*** Opening COLLECTED MATERIAL ***

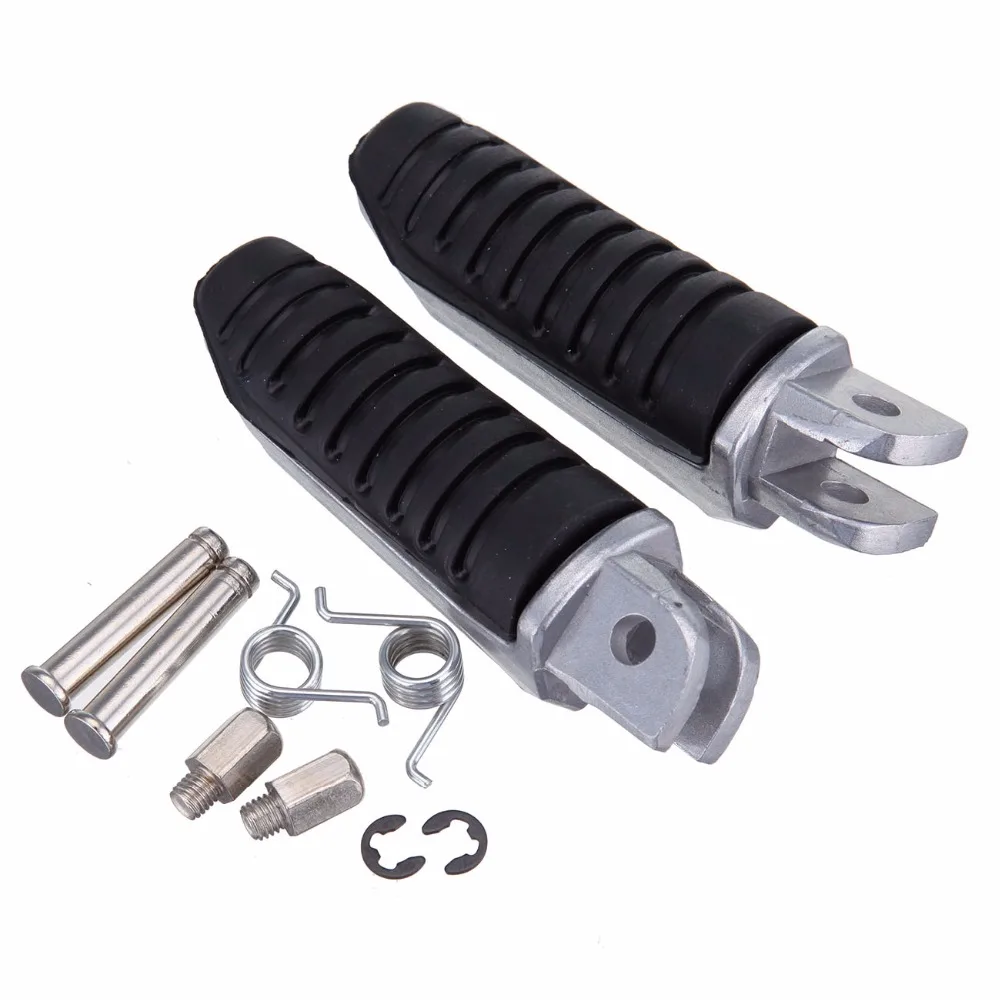 Передняя Подножка для мотоцикла алюминиевая Suzuki V Strom 650 DL650 GSX1300R GSX1300 Hayabusa GSX650F|foot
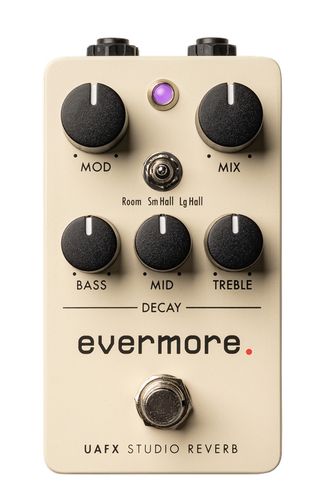 Universal Audio UAFX Evermore Studio Reverb | פדלים ומולטי אפקט
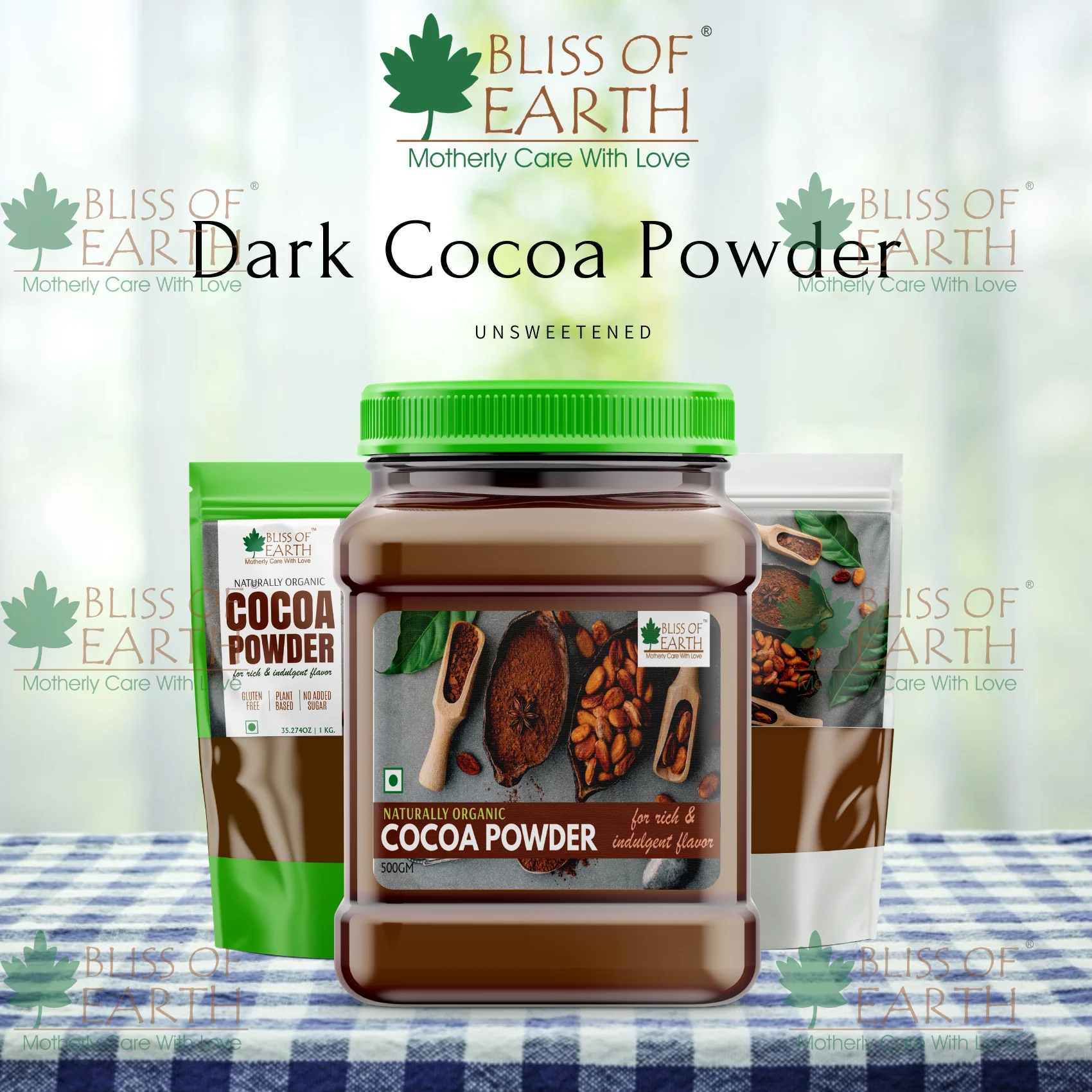 Unsweetened Dark Cocoa Powder 500 gm - Image 4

*** Closing COLLECTED MATERIAL ***

EXERCISE:
Your reply should consist of the data, transcribed exactly, and should hold no pictures.

REPLY TO THE EXERCISE:
 Передняя Подножка для мотоцикла алюминиевая Suzuki V Strom 650 DL650 GSX1300R GSX1300 Hayabusa GSX650F|foot
 Universal Audio UAFX Evermore Studio Reverb | פדלים ומולטי אפקט
 Unsweetened Dark Cocoa Powder 500 gm - Image 4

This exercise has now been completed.